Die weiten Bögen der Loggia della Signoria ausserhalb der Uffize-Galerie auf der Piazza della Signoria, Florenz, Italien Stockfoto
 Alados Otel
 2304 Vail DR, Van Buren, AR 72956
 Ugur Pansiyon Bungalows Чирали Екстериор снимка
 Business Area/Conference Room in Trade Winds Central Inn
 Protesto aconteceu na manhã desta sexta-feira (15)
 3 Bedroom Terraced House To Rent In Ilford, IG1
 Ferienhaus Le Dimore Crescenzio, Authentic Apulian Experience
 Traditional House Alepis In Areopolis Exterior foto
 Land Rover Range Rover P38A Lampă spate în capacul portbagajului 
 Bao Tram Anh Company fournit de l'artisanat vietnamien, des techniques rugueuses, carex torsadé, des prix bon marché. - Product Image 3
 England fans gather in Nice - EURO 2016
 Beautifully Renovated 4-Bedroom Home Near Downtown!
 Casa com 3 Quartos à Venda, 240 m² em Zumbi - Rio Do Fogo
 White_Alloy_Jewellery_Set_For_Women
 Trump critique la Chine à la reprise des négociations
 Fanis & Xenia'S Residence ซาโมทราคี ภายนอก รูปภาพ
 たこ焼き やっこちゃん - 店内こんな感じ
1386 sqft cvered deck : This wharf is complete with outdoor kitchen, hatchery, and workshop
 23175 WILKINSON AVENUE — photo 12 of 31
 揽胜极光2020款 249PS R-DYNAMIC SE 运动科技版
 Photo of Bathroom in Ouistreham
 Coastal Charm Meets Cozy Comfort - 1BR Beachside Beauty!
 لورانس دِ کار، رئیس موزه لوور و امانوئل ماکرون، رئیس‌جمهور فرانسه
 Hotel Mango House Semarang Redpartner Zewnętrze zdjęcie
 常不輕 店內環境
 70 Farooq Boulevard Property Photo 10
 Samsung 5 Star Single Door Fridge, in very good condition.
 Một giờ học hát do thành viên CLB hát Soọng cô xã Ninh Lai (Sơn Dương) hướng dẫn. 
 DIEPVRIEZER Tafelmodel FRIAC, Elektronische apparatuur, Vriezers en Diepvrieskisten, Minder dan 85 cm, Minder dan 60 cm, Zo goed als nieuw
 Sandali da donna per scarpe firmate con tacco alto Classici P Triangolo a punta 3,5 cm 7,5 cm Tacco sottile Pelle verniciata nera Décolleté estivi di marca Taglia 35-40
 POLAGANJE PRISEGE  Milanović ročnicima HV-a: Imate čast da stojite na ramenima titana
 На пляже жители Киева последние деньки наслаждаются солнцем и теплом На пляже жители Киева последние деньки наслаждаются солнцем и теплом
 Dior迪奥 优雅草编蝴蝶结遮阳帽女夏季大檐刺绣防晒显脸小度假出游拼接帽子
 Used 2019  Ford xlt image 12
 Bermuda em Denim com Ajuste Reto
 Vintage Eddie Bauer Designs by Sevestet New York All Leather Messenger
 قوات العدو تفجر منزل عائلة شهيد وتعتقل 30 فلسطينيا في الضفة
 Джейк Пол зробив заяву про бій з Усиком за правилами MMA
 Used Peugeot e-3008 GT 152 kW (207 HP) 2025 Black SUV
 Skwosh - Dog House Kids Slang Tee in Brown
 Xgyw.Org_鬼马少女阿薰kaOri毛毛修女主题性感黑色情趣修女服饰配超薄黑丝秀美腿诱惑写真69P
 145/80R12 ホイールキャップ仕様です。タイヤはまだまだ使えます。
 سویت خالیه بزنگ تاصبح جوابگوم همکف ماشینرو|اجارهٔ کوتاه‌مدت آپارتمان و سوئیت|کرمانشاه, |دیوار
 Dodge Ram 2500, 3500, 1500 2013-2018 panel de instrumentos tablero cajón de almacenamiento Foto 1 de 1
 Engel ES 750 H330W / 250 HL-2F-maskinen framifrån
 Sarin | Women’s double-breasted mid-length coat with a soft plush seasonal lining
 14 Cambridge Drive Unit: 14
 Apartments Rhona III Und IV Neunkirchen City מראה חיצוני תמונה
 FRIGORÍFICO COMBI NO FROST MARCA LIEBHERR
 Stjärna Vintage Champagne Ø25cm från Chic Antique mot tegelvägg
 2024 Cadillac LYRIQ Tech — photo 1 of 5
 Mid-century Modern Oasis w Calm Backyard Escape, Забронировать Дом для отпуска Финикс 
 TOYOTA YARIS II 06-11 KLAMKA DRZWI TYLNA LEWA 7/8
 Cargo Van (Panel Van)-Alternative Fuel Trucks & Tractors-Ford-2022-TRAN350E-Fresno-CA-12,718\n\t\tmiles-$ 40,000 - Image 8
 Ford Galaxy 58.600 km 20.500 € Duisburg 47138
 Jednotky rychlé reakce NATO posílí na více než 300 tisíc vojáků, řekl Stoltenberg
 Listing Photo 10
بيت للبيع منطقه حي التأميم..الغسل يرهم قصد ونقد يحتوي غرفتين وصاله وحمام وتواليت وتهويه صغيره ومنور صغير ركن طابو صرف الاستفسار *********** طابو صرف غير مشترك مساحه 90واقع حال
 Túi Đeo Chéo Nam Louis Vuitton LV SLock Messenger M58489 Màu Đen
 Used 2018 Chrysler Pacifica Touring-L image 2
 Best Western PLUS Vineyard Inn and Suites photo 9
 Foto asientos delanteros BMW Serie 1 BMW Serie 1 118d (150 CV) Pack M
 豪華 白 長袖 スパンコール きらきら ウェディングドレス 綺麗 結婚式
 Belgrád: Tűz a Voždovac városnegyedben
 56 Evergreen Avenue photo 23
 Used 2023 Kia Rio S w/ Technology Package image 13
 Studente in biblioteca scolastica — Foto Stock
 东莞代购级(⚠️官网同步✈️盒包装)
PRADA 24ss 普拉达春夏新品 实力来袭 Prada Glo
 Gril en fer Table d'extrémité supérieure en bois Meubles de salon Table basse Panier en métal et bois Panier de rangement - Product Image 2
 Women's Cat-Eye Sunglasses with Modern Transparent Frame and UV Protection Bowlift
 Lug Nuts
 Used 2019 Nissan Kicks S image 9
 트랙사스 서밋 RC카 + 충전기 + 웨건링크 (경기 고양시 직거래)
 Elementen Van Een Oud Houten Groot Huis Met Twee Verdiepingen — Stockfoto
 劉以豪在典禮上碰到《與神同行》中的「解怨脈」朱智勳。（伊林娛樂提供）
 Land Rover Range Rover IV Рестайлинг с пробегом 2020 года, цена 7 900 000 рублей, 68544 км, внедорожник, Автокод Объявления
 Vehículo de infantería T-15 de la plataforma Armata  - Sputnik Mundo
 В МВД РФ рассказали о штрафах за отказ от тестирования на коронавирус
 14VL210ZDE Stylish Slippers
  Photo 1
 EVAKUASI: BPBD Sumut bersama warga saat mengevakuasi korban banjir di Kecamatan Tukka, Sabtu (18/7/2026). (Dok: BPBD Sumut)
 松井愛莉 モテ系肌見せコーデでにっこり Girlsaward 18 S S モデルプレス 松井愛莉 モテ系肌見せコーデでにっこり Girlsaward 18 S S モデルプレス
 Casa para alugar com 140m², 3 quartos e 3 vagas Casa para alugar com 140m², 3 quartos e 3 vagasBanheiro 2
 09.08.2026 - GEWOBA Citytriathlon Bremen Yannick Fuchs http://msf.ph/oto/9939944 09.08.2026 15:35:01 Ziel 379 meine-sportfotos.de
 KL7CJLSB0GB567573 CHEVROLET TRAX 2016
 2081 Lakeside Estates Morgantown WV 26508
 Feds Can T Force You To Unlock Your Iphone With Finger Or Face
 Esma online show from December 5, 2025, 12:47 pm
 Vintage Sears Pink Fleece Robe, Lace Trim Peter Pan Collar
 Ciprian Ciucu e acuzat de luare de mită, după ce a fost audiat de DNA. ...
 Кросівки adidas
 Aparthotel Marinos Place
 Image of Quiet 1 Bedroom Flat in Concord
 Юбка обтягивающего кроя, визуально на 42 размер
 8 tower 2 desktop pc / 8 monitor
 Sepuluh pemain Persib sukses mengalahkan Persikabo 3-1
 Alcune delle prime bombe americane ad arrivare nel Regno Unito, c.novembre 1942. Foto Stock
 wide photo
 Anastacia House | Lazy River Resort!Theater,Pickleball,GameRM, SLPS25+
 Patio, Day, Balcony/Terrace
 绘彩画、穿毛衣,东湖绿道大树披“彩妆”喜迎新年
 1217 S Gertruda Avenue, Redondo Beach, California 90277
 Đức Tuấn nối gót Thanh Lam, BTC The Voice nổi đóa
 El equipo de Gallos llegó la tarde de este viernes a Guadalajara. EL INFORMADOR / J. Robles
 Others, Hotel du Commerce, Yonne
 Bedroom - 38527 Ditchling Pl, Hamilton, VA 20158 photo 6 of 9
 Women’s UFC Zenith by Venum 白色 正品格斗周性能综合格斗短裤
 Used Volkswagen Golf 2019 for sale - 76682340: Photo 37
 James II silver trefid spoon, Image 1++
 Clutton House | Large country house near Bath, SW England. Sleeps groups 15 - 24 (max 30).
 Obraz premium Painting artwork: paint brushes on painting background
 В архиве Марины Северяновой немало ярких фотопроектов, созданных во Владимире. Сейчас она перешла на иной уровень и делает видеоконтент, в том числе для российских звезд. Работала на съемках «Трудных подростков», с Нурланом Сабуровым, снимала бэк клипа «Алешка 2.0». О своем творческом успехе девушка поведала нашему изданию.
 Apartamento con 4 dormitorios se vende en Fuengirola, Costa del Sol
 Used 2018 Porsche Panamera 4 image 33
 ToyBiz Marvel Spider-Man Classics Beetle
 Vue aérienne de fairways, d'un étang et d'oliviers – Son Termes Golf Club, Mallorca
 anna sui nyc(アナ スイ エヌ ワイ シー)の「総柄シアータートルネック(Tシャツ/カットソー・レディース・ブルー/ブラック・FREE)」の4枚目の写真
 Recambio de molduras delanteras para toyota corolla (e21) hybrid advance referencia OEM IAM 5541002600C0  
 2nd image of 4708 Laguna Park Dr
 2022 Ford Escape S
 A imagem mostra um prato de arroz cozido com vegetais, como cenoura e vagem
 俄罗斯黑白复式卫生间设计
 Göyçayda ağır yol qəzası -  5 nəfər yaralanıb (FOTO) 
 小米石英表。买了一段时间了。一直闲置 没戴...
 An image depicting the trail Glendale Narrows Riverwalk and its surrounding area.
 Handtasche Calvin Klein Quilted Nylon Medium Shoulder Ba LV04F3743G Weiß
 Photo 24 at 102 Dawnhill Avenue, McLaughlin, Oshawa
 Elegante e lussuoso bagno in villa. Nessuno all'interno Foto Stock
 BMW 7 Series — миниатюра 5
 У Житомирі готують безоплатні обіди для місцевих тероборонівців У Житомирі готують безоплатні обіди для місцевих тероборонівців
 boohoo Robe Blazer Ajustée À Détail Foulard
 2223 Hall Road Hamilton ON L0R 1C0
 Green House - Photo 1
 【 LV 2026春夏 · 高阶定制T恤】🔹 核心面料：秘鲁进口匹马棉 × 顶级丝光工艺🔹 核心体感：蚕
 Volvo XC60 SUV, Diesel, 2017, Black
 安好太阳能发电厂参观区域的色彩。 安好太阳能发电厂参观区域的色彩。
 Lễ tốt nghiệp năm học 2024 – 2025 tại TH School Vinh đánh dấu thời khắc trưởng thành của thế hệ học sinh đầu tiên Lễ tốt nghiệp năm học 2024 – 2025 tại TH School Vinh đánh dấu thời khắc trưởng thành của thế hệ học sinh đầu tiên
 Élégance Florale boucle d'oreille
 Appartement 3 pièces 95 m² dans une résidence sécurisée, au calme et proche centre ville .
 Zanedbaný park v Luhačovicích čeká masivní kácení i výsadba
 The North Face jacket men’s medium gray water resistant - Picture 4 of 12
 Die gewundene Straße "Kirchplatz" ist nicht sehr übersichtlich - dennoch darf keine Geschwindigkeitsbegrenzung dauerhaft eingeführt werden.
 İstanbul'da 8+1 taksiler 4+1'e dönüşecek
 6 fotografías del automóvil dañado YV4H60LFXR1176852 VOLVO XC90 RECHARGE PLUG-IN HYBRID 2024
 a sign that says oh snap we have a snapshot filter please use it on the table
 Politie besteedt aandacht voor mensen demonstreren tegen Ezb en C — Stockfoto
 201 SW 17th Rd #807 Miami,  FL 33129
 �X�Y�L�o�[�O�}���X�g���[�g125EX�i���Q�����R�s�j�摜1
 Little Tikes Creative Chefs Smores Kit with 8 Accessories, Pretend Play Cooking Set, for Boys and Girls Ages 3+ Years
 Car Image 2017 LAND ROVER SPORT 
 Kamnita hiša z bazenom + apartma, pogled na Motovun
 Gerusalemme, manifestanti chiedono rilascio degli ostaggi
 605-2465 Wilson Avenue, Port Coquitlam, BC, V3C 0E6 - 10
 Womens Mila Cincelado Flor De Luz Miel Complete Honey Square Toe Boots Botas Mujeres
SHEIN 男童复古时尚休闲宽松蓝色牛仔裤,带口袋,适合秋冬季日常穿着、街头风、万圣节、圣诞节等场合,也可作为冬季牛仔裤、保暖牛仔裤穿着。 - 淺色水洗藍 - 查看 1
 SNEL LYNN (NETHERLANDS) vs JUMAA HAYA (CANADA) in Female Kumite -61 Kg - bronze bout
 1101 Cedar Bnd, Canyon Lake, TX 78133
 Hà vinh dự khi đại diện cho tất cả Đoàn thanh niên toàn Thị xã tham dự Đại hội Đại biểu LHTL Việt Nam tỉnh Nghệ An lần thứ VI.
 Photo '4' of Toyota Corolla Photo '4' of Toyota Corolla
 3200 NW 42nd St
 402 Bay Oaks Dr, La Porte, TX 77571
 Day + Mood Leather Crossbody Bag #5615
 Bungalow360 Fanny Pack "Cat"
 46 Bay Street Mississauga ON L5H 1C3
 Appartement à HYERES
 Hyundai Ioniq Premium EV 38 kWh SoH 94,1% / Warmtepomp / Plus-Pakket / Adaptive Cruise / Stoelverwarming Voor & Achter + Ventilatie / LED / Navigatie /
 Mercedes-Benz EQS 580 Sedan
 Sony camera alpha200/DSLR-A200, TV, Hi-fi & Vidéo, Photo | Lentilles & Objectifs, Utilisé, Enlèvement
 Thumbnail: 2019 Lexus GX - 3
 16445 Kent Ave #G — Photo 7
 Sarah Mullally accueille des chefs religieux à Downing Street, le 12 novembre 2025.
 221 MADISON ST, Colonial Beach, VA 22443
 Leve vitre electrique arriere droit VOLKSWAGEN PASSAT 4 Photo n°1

★ ★ ★ ★

▶ [Work instructions]: Copy each line holding "Golf" from the material above.

▶ [Response area]:
 Used Volkswagen Golf 2019 for sale - 76682340: Photo 37
 Vue aérienne de fairways, d'un étang et d'oliviers – Son Termes Golf Club, Mallorca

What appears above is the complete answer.